Participants at the event discussed the importance of ICARUS, including its uses in disaster forecasting, conservation and discovery of unknown migrations.
UNEP/CMS/COP11 final resolution:
"Acknowledging that the ability to increasingly track animals globally will greatly enhance the knowledge base for informed conservation decision making, for example through global tracking initiatives such as ICARUS (International Cooperation for Animal Research Using Space), planned to be implemented on the International Space Station by the German and Russian Aerospace Centres (DLR and Roscosmos) by the end of 2015; "

Migration ecology (Tracking animal movement)
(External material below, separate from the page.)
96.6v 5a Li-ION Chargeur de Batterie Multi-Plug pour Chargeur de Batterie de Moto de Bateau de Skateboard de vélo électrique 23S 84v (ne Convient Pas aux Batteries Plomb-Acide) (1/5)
29. For many migratory species knowledge of their migration routes, the timing of their migration and consequently threats during their migration is missing. Furthermore there is a high number of endangered species, especially smaller ones, where it is unknown if they exhibit migratory behaviour. New technologies, such as those developed under the ICARUS project7, and new methodologies will make tracking of smaller animals feasible. Increasing application of existing animal tracking methodology and adoption of new technology and methods, holds great promise to improve knowledge on the migratory behaviour of many species. Several research institutes and universities advance research on tracking animal movement, including, for example, the Max Planck Institute for Ornithology and the members of ICARUS. Keeping up to date on these new technologies and promoting their use among CMS Parties is an issue that can help bring forward the CMS agenda in the coming years, particularly the Convention’s work on connectivity and ecological networks.